Son attention n’étoit pas bornée à s’assurer seulement de son armée. Du fond des Gaules il portoit ses vûes sur la disposition des affaires, & jusque dans les comices, & les assemblées du peuple, il ne s’y passoit rien sans sa participation. Son crédit influoit jusque dans la plupart des délibérations du sénat. Il avoit dans l’un & l’autre corps des amis puissans, & des créatures dévouées à ses intérêts. Il leur fournissoit de l’argent en abondance, soit pour payer leurs dettes, ou pour s’élever aux principales charges de la république. C’étoit de cet argent qu’il achetoit leurs suffrages, & leur propre liberté. Emilius Paulus étant consul, en tira neuf cent mille écus, seulement pour ne s’opposer point à ses desseins pendant son consulat. Il en donna encore davantage à Scribonius Curion, tribun du peuple, homme factieux, habile, éloquent, qui lui avoit vendu sa foi, & qui pour le servir plus utilement, affectoit de n’agir que pour l’intérét du peuple.

Rupture de Pompée avec César. Pompée ouvrit enfin les yeux, & résolut de ruiner la fortune de César. La jalousie du gouvernement, & une émulation réciproque de gloire, les firent bientôt appercevoir qu’ils étoient ennemis, quoiqu’ils conservassent encore toutes les apparences de leur ancienne liaison. Mais Crassus qui par son crédit & ses richesses immenses, balançoit l’autorité de l’un & de l’autre, ayant été tué dans la guerre des Parthes, ils se virent en liberté de faire éclater leurs sentimens. Enfin la mort de Julie fille de César, qui arriva peu de tems après, acheva de rompre ce qui restoit de correspondance entre le beau-pere & le gendre.

César demanda qu’on lui continuât son gouvernement, comme on avoit fait à Pompée, ou qu’il lui fût permis, sans être dans Rome, de poursuivre le consulat. Il ajouta dans la même lettre, que si Pompée prétendoit retenir le commandement, il sauroit bien se maintenir de son côté à la tête de son armée ; & qu’en ce cas, il seroit dans peu de jours à Rome pour y vanger ses propres injures, & celles qu’on faisoit à la patrie. Ces dernieres paroles remplies de menaces, parurent au sénat une vraie déclaration de guerre. Lucius Domitius fut nommé sur le champ pour son successeur, & on lui donna quatre mille hommes de troupes, pour aller prendre possession de son gouvernement ; mais César dont les vûes & l’activité étoient incomparables, avoit déja prévenu ce decret, par la hardiesse & la promptitude de sa marche.

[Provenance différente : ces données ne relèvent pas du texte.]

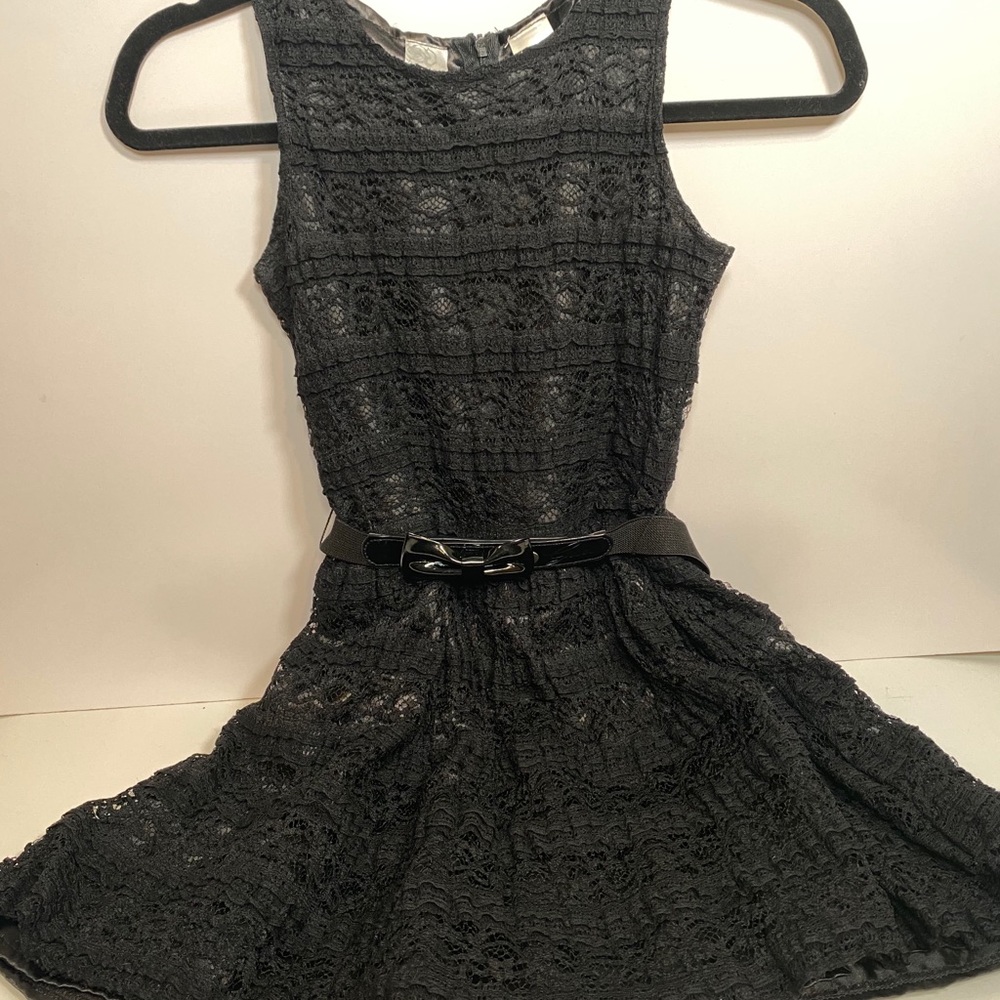 Like New. Girls Black Lace Belted Dress by Guess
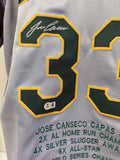 Jose Canseco Signed Autographed Oakland Gray Lifetime Stats Baseball Jersey - Beckett BAS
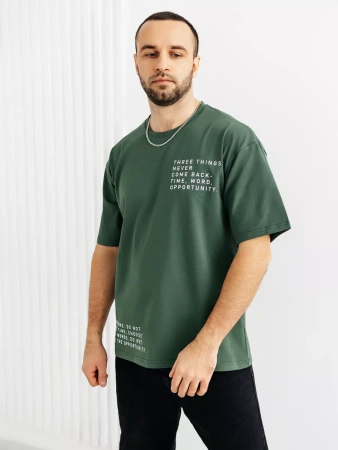 Футболка мужская базовая с принтом хлопок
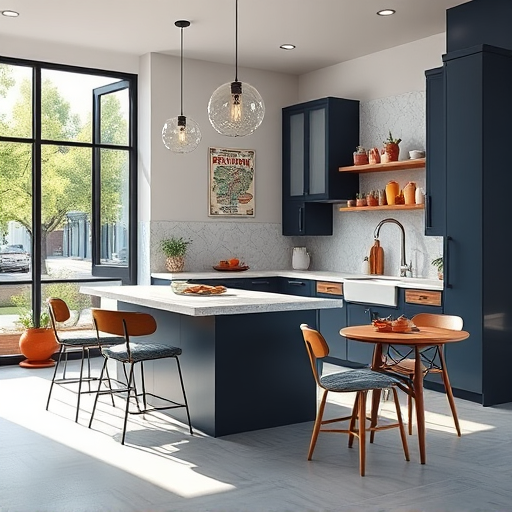 A vibrant digital art scene depicting the steps to plan a kitchen remodel. The image features a stylized blueprint spread on a sleek modern table, showcasing colorful sketches of cabinetry, countertops, and appliances. Surrounding the blueprint are playful icons, including miniature measuring tapes, cartoonish lightbulbs symbolizing ideas, and small tool silhouettes with humorous facial expressions, suggesting collaborative planning. In the background, an open kitchen window reveals a lush garden with blooming plants, adding a fresh and inspiring touch. The scene combines professionalism with creativity, using a warm neutral palette accented with soft blues, yellows, and corals to evoke enthusiasm. Additional details like a calendar with sticky notes and a vintage magnifying glass emphasize meticulous planning and curiosity. The digital art style features crisp lines, smooth shading, and playful shadows, creating a modern, inviting atmosphere that captures the organized yet imaginative process of transforming a kitchen.
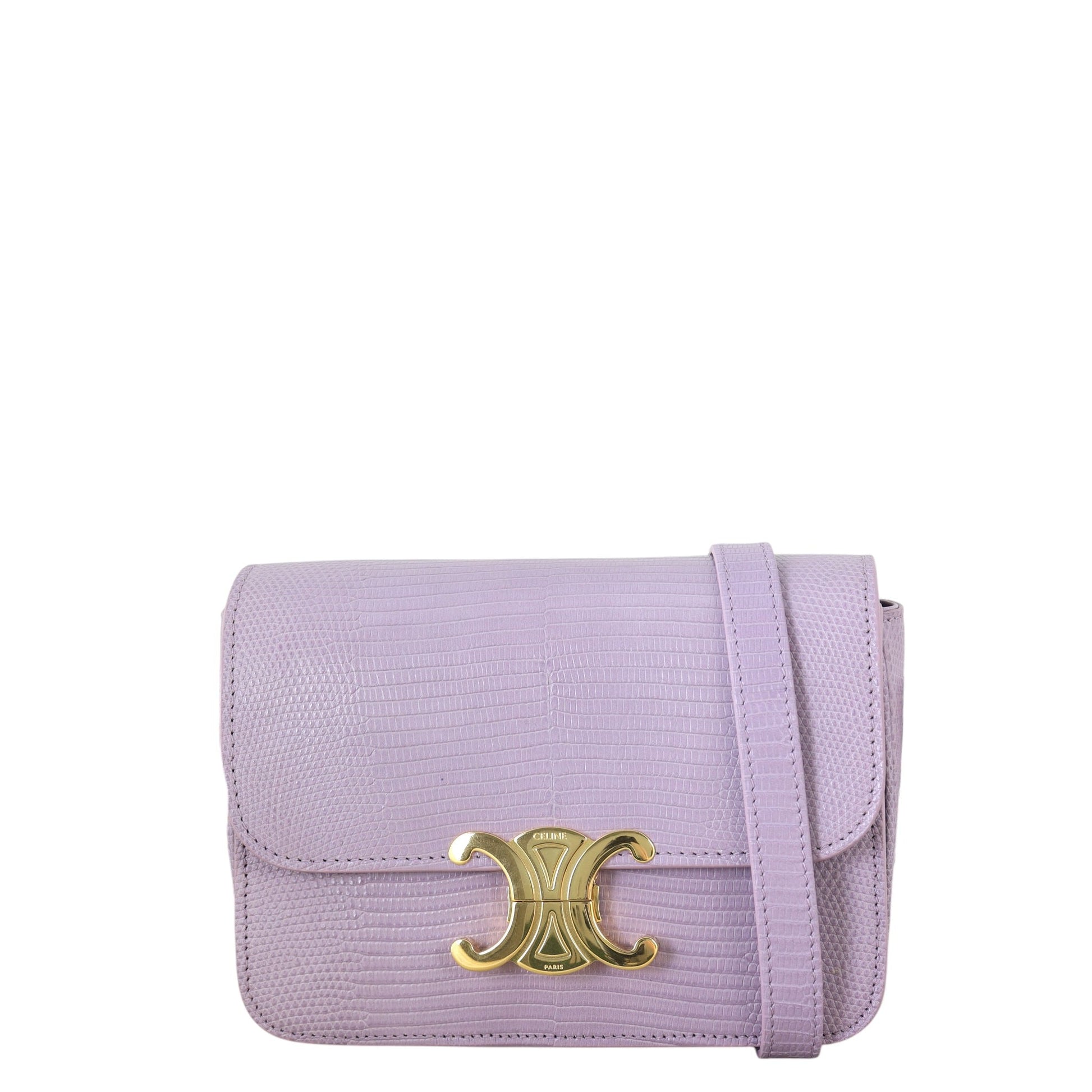 Celine Teen Triomphe Crossbody Lizard Handbag Crossbody Bag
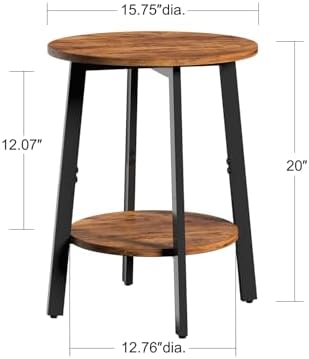sthmec Side Table, Small Round End Table with Storage Shelf for Small Space, 2-Tier Bedside Table Sofa Couch Table, Round Accent Table Nighstands for Living Room, Bedroom, Rustic Brown - Image 3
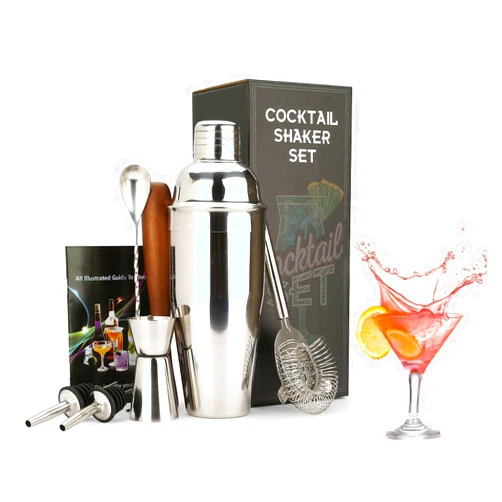 Timahhve Cocktail Shaker Set: 7-Piece Bartender Kit - Stainless Steel Bar Tool Set Scandinavian Style Home Kit (Silver)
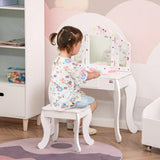 HOMCOM Kids Vanity Table and Chair Set with Tri-Folding Mirror and Stool, Makeup Dressing Table with Drawer, White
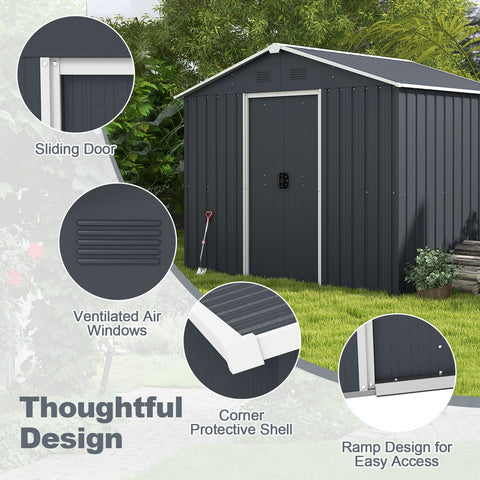 Galvanized Metal Garden Shed with Foundation Ramp and Sliding Door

César usurpe la tyrannie par les armes. La même frayeur qu’Annibal porta dans Rome après la bataille de Cannes, César l’y répandit lorsqu’il passa le Rubicon. Pompée éperdu, ne vit dans les premiers momens de la guerre, de parti à prendre que celui qui reste dans les affaires désespérées : il ne sut que céder & que fuir ; il sortit de Rome, y laissa le trésor public ; il ne put nulle part retarder le vainqueur ; il abandonna une partie de ses troupes, toute l’Italie, & passa la mer.

César entra dans Rome en maître, & s’étant em-

paré du trésor public, où il trouva environ cinq millions

de livres de notre monnoie, il se mit en état de poursuivre Pompée & ses partisans ; mais ce général du sénat qui vouloit tirer la guerre en longueur, pour avoir le tems d’amasser de plus grandes forces, passa d’Italie en Epire, & après s’être embarqué à Brindes, il aborda dans le port de Dirrachium. César ne l’ayant pu joindre, se rendit maître de toute l’Italie, en moins de 60 jours.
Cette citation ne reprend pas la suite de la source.